We took our Chausson in to RDH for a water ingress check and came away having bought a new Solano T720, this was mainly due to the better layout with the end bathroom and the available storage areas that are not there on the Chausson.
The Chausson was based upon the excellent Renault Master 3 Ltr. which had power to spare. The Solano that we are collecting next week has the Fiat 130 Multijet engine and I would be pleased to hear from anyone with a similar model how it performs fully loaded up to it's maximum 4T.
I did test drive a Solano with the same engine and it seemed to be okay but the van was not loaded up at all.
Excellent service from RDH by the way.


----------



## 38Rover (Nov 9, 2006)

Hi
I have a Solano T710 2 berth end bathroom 3.5 tonne appart from the Fiat problems main problems Judder and leak,leak i fixed myself no water under my bonnet Judder more worring lets see if Fiat come up with a fix before clutch/gbox fail.
Rest of the van is great and the 2.3 seems to have loads of power will cruise at Mway speed limits and plenty more getting about 26/7 mpg but only done 7000km and I tend to put my foot down.
Before this I had a 2006 2.8 fiat based panel van conversion good but the 2.3 is far superior quite flexible a joy to drive and at 7.2 m long that quite a statement.
Colin Frier


----------



## Pusser (May 9, 2005)

I agree with the above. Plus I have had Wow Power fitted by Chelston and now it is even more powerful, more frugal, less noisey althought it was OK to start with, less gear changes and more acceleration at the top end and in top gear. Perfect really.

Handbrake is a joke for position and have often left my testicles behind getting out the cab. Also good to have gibbon length arms to operate it. I have had an extender fitted by Chelston and I believe available from OutdoorBitz.. Bit of a draught from an intake in the door which can be covered up as described somewhere on here.


----------



## MikeCo (Jan 26, 2008)

Thanks for the response to my question, I have now had the new van for a week and have some answers of my own.
The engine performance seems okay but not as good as the Renault and I now have it booked into the garage for 5 recall items to be carried out.
Other items are:

There is a thump underneath when starting.
It does judder when reversing.
The windscreen wipers work full on when they should be on intermittent.
The water pipes to the bathroom are the wrong way round in that the red pipe is the cold water.
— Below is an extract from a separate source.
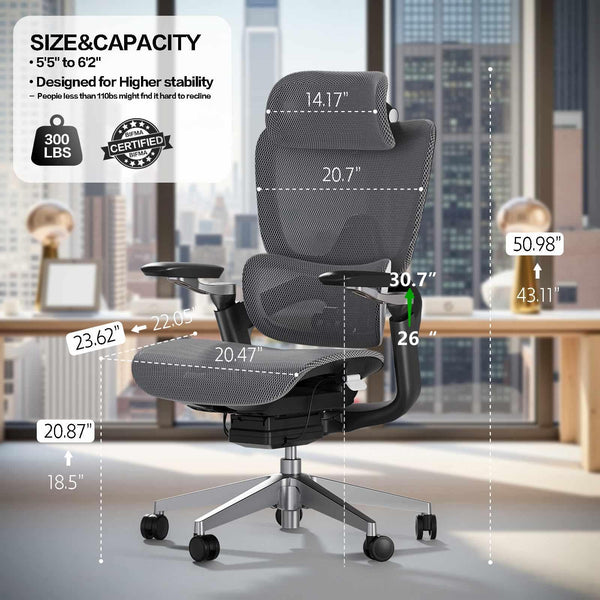 Ergonomic Mesh Office Chair with 3D Lumbar Support, 5D Armrests & 4D Headrest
Apart from this the layout is excellent and I now have enough storage to take the fishing tackle and the golf clubs.
I have however taken out the table and put in a 600mm dia. one which can be moved around.


----------



## Telbell (May 1, 2005)

> It does judder when reversing.


Always or just up a hill????

If so don't forget Catherine's database :wink:


----------



## Pusser (May 9, 2005)

MikeCo said:


> Thanks for the response to my question, I have now had the new van for a week and have some answers of my own.
> The engine performance seems okay but not as good as the Renault and I now have it booked into the garage for 5 recall items to be carried out.
> Other items are:
> 
> ...


Spooky.... I changed my stand alone table into a pedestal table offset so that when it spins around, differences of space are available and also the spare bed board I turned into another small table for those short stops and night time bed table. Chelston did those alterations for me.

I have only driven in recent years Fiat so I can only compare 1.9TD, 2.8TD and this latest 2.3TD but I could well imagine that the Renault and the Ford are better engines and perhaps the Merc best of all.


----------